I like Stubbs because he is an upgrade over Willy "T-ball" Taveras and I see him as a Mike Cameron in his prime lite. Low avg,15 homers,25 stolen bases,and lots of k's. If Dusty ever is replaced then perhaps he has upside at 40 stolen bases and more walks.
 
By: TRENT13
On: 9/18/2009 10:23:00 AM
Even though he has no fantasy value I think Paul Janish could be mentioned. If for no other reason then he will end up with more career at bats then Rosales and you mentioned him. Janish has a gun for an arm and takes a back seat to only a few with his glove. Looking over the free agent shortstops I hope the Reds give Janish a shot to win the job next year. In a perfect world and with practice I can see Janish mirroring the role of Jay Bell circa Pittsburgh with his bunting sacrifices.

I think next year if you do a write up on the Reds' hitters part 2 you will probably be mentioning the likes of Yonder Alonso,Todd Frazier,Chris Heisey,and Chris Valaika.
 
By: Carson Cistulli
On: 9/18/2009 11:40:00 AM
Trent, I'm sorry that you had to suffer through Jim Bowden.
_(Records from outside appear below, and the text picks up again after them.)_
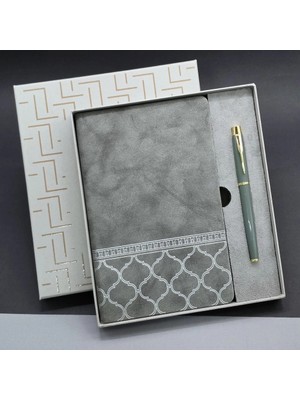 SHC4200 Gri Renk Defter Metal Roller Kalem Seti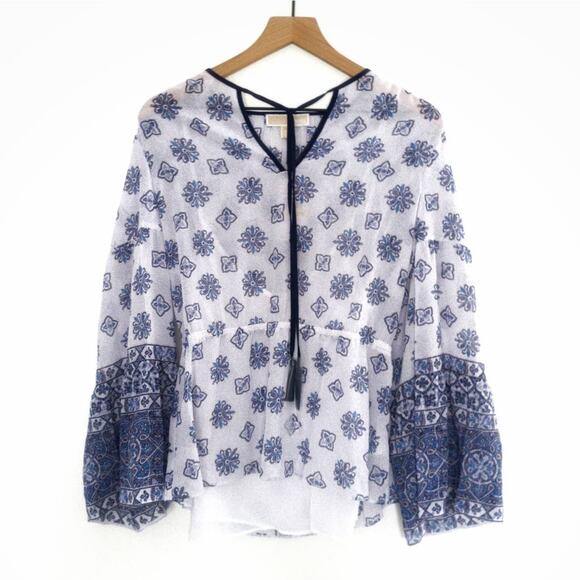 NWT MICHAEL Michael Kors Mosaic Tie Neck Peasant Top - Various - Picture 4 of 5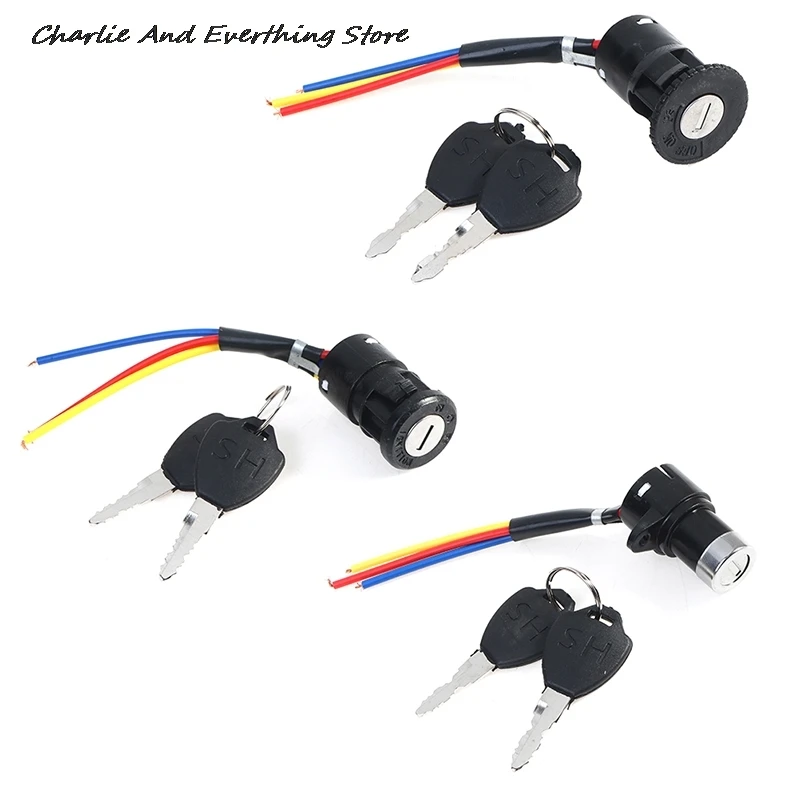 Universal Electric Bicycle Biking Portable Dustproof Cycling Parts for Electric Scooter Ignition Switch Key Power Lock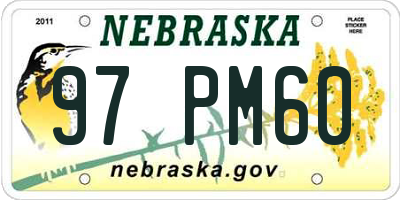 NE license plate 97PM60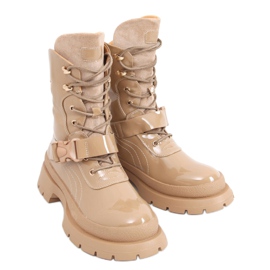 Military varnished Jens Khaki boots beige brown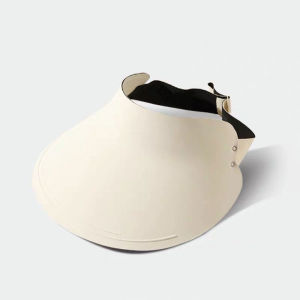 Womens Wide Brim Sun Visor Portable Fashion Cap Ultra-Light Hollow Top Ponytail Sun Hat for Daily Travel Beach Fishing Golf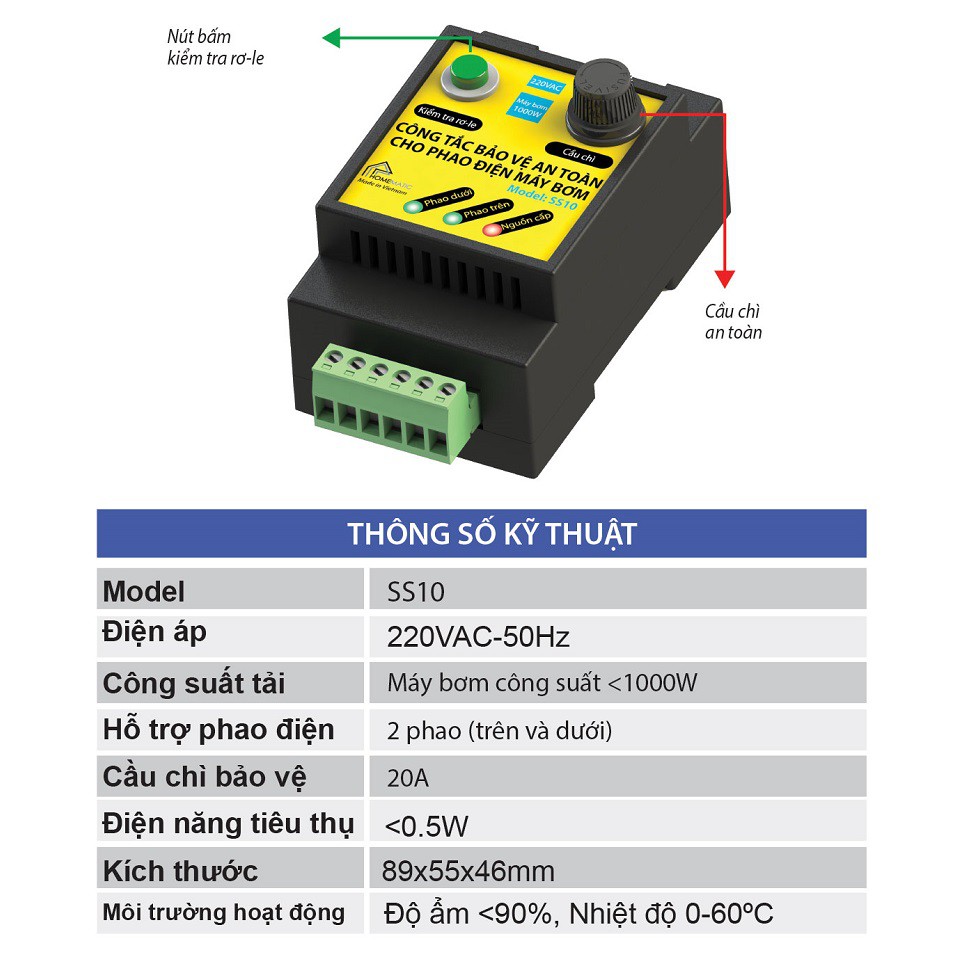 Rơ le an toàn cho phao điện máy bơm HOMEMATIC SS10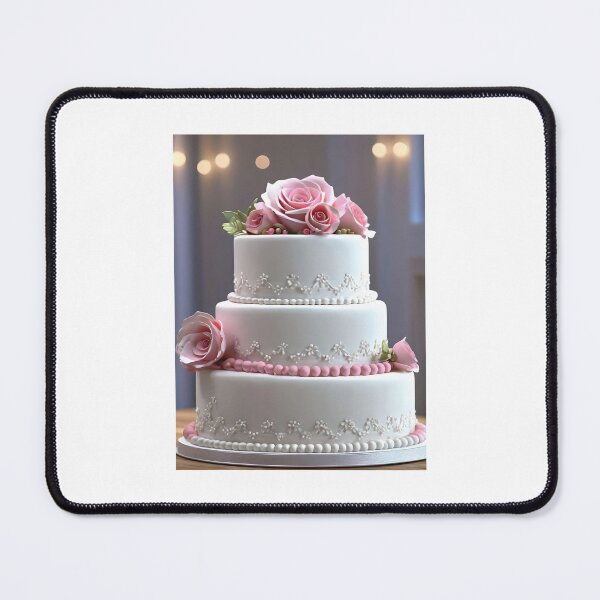 Item preview, Wedding Cake With Pink Roses designed and sold by JoyPhotoArt.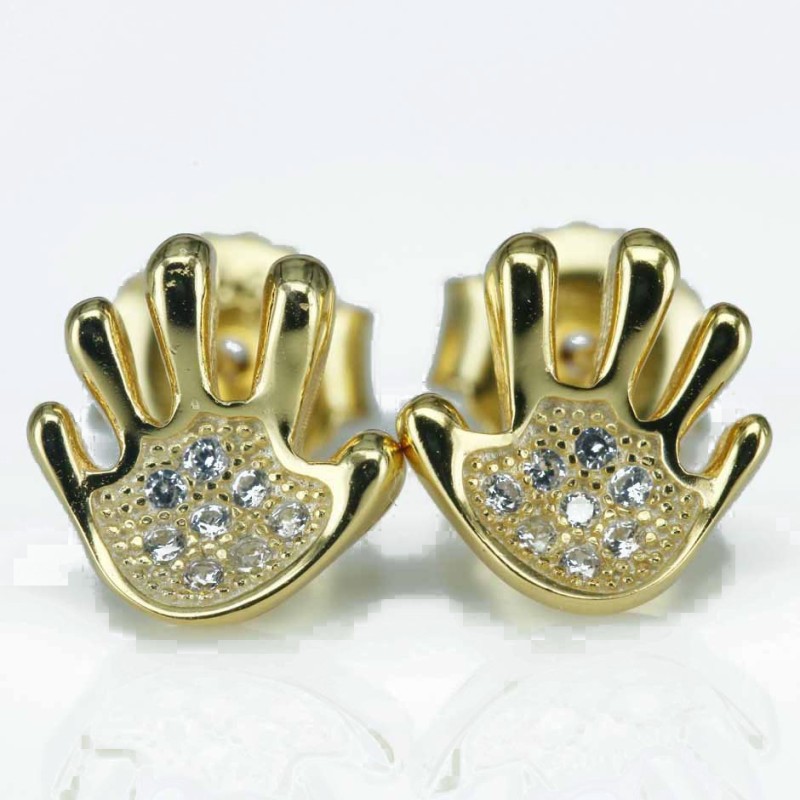 Earring Hand 8mm. Circonia  Gold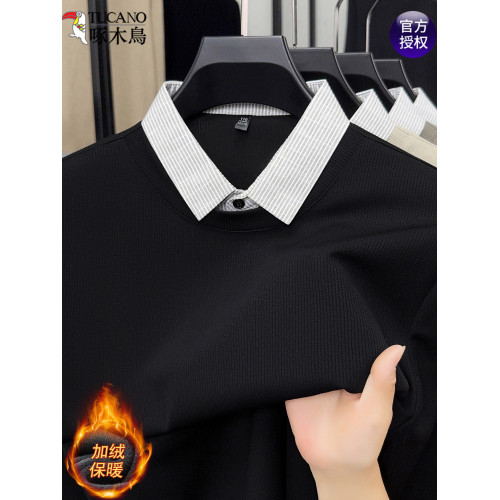 啄木鳥假兩件翻領毛衣男士冬季新款中年加絨加厚保暖POLO打底衫潮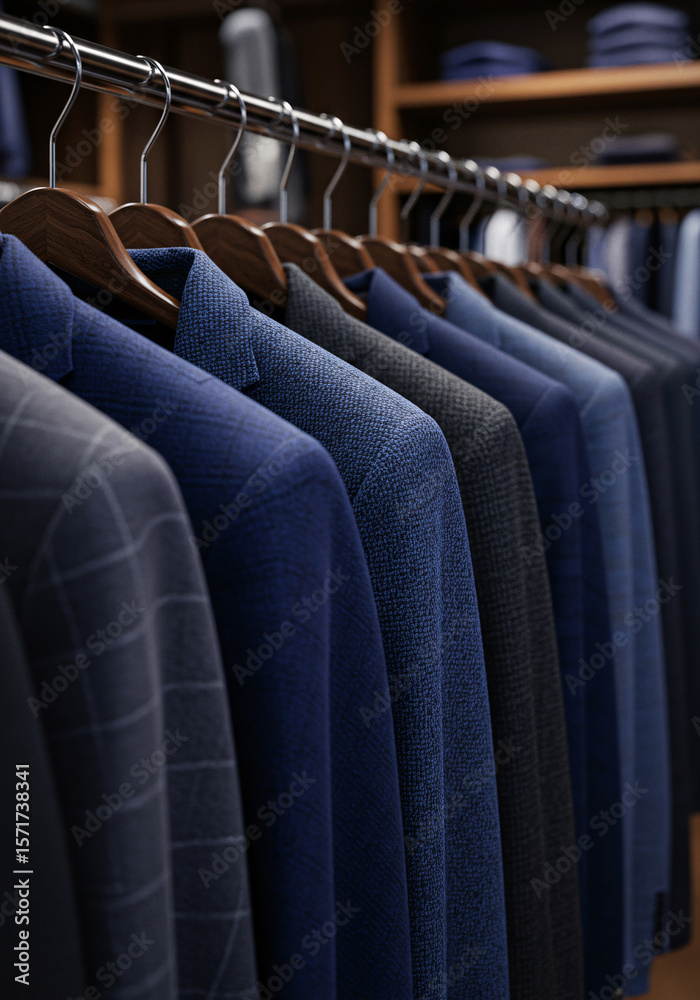 Obraz premium An Elegant Display of Tailored Men's Suits Hanging on a Rack in a Luxury Boutique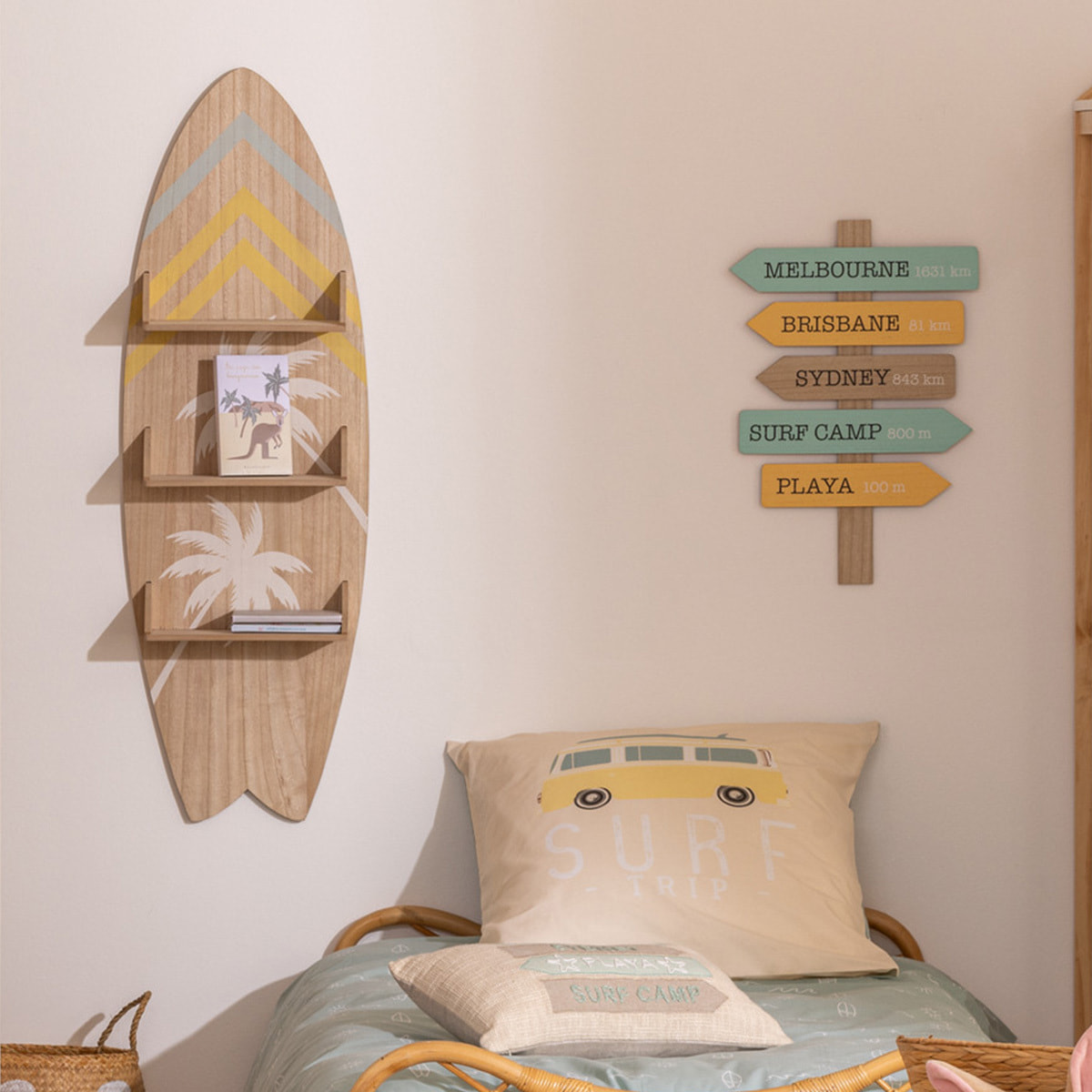 Étagère murale planche surf "Australie" 112x37cm beige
As for Wily Mo: man, what a frustrating case, right? I mean, I'm just a guy with a computer, but it seems like, had Pena gotten a chance to log more than 500 PA above Class A ball, he'd have has a chance to become a real impact player. Instead, he became, in this order (a) a hacktastic power hitter with Cincinnati, (b) a semi-useful part-timer with Boston (and a little bit with Washington), and then (c) an entirely irrelevant journeyman after that. All by the age of 27!
 
By: TRENT13
On: 9/18/2009 1:46:00 PM
Yeah Willy Mo Pena was quite the batting practice legend. He hit bombs that left not only the yard but the stadium. I have seen 3 players who rivaled Big Mac in batting practice as far as distance goes and they all donned Reds uniforms. They were Willy Mo,Josh Hamilton,and Adam Dunn.

Glad to see Russell Branyan finally put it together for a full season to silence the tags of platoon status and AAAA player if for only 1 season. I mention him because he never got cheated in BP either and at least before this year may not have been a household name.